In its financial report for the six months ending September 30, the corporate travel services company reported pre-tax profits of £3.3 million, down from £6.1 million for the same period last year.

Its revenue had also fallen from £177 million to £155.3 million, although it had reduced its net debt by £27 million.

While acknowledging that business people are trading down to cheaper forms of travel, it claimed this was having little impact on its bottom line. But less frequent travel did reduce it revenue and, as a result, it had been forced to reduce capacity.

The company had also introduced a voluntary cost reduction scheme that included reduced working hours, sabbaticals and unpaid holidays, salary reductions and voluntary redundancy.

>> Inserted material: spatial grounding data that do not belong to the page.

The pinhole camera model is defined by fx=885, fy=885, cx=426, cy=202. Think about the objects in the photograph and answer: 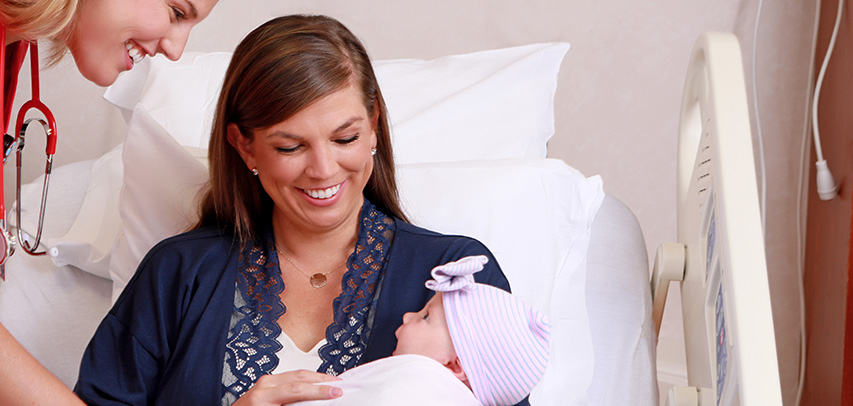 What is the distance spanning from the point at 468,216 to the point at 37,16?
0.91 m

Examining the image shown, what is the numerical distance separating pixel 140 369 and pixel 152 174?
50 centimetres

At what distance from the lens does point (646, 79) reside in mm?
2398

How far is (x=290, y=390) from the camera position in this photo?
1262 millimetres

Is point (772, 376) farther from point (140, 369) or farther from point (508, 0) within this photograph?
point (508, 0)

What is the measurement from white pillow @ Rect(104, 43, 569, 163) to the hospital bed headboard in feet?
1.30

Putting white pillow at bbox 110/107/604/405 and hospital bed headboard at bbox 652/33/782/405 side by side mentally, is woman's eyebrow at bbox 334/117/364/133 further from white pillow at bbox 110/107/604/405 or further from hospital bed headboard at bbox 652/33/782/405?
hospital bed headboard at bbox 652/33/782/405

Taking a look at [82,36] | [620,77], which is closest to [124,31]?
[82,36]

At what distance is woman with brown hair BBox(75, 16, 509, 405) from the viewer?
1429 millimetres

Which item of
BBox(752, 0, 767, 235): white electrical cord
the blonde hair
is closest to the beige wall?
BBox(752, 0, 767, 235): white electrical cord

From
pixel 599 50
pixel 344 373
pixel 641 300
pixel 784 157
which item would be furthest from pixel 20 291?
pixel 784 157

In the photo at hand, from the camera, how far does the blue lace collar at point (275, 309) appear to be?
4.72ft

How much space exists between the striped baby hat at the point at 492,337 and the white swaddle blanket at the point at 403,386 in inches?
1.4

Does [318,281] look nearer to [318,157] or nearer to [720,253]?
[318,157]

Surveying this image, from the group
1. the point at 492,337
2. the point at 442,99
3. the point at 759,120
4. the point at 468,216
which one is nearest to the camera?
the point at 492,337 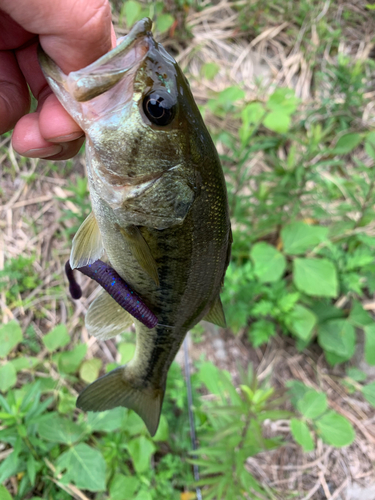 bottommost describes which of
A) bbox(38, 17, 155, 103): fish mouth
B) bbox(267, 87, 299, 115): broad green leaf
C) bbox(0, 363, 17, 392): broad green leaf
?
bbox(0, 363, 17, 392): broad green leaf

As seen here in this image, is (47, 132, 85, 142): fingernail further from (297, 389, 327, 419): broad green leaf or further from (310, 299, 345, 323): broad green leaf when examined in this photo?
(310, 299, 345, 323): broad green leaf

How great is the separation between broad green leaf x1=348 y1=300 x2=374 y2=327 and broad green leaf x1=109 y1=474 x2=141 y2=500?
7.44ft

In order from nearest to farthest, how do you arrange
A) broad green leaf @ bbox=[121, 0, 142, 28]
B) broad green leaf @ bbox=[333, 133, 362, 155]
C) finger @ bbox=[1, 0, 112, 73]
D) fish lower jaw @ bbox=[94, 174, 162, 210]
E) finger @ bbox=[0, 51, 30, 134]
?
finger @ bbox=[1, 0, 112, 73] < fish lower jaw @ bbox=[94, 174, 162, 210] < finger @ bbox=[0, 51, 30, 134] < broad green leaf @ bbox=[121, 0, 142, 28] < broad green leaf @ bbox=[333, 133, 362, 155]

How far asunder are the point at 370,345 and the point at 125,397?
240cm

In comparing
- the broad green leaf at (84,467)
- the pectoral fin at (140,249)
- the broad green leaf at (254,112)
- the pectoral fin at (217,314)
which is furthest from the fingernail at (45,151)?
the broad green leaf at (254,112)

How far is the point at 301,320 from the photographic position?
279 centimetres

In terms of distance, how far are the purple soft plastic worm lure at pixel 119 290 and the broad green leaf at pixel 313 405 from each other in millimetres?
1659

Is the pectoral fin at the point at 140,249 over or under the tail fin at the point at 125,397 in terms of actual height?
over

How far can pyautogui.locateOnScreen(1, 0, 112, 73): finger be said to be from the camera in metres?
0.93

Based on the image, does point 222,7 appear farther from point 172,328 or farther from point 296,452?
point 296,452

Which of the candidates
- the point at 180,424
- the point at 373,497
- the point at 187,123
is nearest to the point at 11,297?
the point at 180,424

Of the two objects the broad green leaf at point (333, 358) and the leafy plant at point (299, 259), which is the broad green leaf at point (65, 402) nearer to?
the leafy plant at point (299, 259)

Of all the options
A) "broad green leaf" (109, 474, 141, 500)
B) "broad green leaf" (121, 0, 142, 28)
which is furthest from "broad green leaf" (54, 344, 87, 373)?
"broad green leaf" (121, 0, 142, 28)

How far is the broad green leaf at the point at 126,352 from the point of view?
2.28 metres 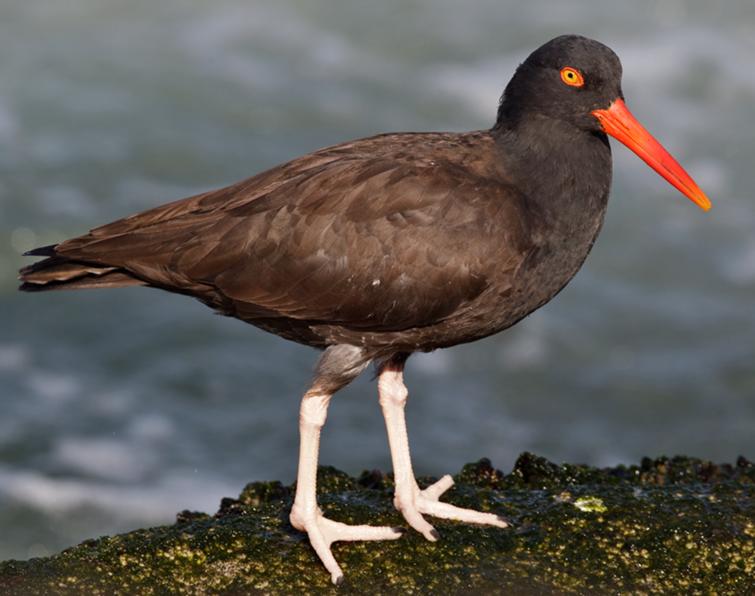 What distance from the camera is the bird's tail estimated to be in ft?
18.8

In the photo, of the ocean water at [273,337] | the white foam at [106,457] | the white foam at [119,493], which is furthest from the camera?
the ocean water at [273,337]

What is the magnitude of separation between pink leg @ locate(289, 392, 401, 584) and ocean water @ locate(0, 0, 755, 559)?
179 inches

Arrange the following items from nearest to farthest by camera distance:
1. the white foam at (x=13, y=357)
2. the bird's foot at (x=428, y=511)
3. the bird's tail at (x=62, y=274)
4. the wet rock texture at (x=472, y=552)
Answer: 1. the wet rock texture at (x=472, y=552)
2. the bird's foot at (x=428, y=511)
3. the bird's tail at (x=62, y=274)
4. the white foam at (x=13, y=357)

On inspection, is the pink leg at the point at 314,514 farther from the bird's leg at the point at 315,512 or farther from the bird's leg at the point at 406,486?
the bird's leg at the point at 406,486

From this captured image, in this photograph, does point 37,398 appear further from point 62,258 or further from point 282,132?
point 62,258

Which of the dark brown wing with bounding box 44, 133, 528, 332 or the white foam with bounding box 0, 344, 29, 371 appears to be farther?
the white foam with bounding box 0, 344, 29, 371

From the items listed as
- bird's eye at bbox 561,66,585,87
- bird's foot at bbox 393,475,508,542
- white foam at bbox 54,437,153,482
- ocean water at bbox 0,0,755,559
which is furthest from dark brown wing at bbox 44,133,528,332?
white foam at bbox 54,437,153,482

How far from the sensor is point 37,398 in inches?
446

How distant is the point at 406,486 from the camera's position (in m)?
5.82

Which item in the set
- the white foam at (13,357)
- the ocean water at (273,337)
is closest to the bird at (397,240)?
the ocean water at (273,337)

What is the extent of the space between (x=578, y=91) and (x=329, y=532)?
238 centimetres

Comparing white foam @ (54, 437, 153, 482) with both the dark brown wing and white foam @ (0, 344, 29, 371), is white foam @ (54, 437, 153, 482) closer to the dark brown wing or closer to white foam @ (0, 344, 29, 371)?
white foam @ (0, 344, 29, 371)

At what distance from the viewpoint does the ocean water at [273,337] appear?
10.8 meters

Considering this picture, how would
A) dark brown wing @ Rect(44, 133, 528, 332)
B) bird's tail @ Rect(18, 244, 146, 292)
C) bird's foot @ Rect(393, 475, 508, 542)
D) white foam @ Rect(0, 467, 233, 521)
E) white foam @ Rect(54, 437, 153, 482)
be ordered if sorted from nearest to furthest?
dark brown wing @ Rect(44, 133, 528, 332) < bird's foot @ Rect(393, 475, 508, 542) < bird's tail @ Rect(18, 244, 146, 292) < white foam @ Rect(0, 467, 233, 521) < white foam @ Rect(54, 437, 153, 482) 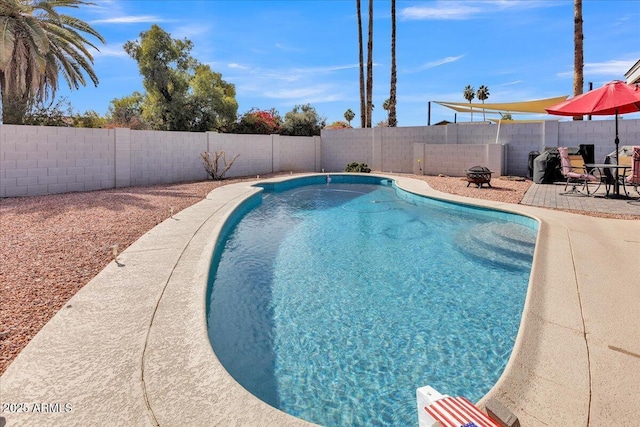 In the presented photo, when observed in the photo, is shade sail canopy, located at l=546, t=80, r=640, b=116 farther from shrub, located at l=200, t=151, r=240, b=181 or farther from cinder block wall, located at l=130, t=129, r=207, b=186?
cinder block wall, located at l=130, t=129, r=207, b=186

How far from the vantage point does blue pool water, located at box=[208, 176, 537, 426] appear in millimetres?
2723

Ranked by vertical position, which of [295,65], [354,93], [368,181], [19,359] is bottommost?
[19,359]

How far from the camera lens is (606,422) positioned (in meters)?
1.88

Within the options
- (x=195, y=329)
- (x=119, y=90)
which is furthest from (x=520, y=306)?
(x=119, y=90)

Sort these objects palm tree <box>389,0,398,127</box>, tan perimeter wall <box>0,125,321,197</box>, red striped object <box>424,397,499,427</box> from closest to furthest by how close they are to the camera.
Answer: red striped object <box>424,397,499,427</box>, tan perimeter wall <box>0,125,321,197</box>, palm tree <box>389,0,398,127</box>

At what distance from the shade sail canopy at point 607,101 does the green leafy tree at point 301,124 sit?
17732 mm

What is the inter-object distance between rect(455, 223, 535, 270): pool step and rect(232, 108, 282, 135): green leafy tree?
17.3 meters

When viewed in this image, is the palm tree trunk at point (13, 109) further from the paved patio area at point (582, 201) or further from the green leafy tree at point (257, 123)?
the paved patio area at point (582, 201)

The number of employees working from home had also increased to 180.

Chief executive David Radcliffe said: “In the middle of a tough recession we have delivered a very resilient performance. Our ability to provide our customers with excellent service, and to help them control their travel budgets, has helped to maintain our strong client retention rate and secure new wins.

“We have continued to control our cost base tightly without damaging our ability to benefit from the upturn when it arrives.

“While we have seen some early signs of stabilisation, visibility remains limited. However, we continue to believe that the group will deliver a full-year performance in line with market expectations and, looking further ahead, we believe that we are well positioned to respond as market conditions improve.”